OSHA plans to gather comments on strategies that are currently used to reduce the risk of workplace exposure to infectious agents, and to more accurately distinguish the nature and extent of occupationally-acquired infectious diseases. Based on the responses received and an ongoing review of literature on this subject, OSHA is considering development of a proposed program standard to control worker exposures to infectious agents.
The discussion will include direct patient care and other work tasks, such as providing patient support services (housekeeping, facility maintenance); and handling, transporting, receiving or processing infectious items or wastes (e.g., transporting medical specimens, disposing of medical waste).

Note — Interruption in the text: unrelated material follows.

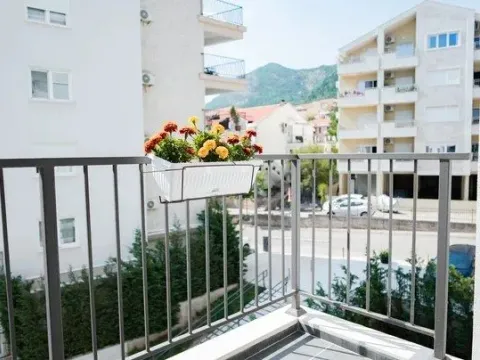 Sale, one bedroom apartment, 46m², Podkošljun, Budva - image 8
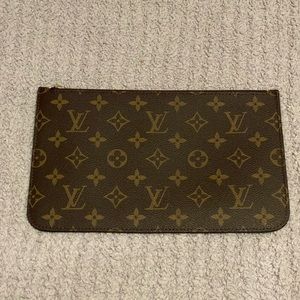 Louis Vuitton Neverfull Monogram Pochette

Meeting discussions will also focus on the advantages and disadvantages of using a program standard to limit occupational exposure to infectious diseases; whether and to what extent an OSHA standard should require employers to develop a written worker infection control plan that documents how employers will implement infection control measures to protect workers; and whether and to what extent OSHA should take alternative approaches to rulemaking to improve compliance with current infection control guidelines issued by the Centers for Disease Control and Prevention, the National Institutes of Health, and other authoritative agencies.
Two meetings will be held in Washington, DC July 29. Potential participants should request a confirmed spot by July 22.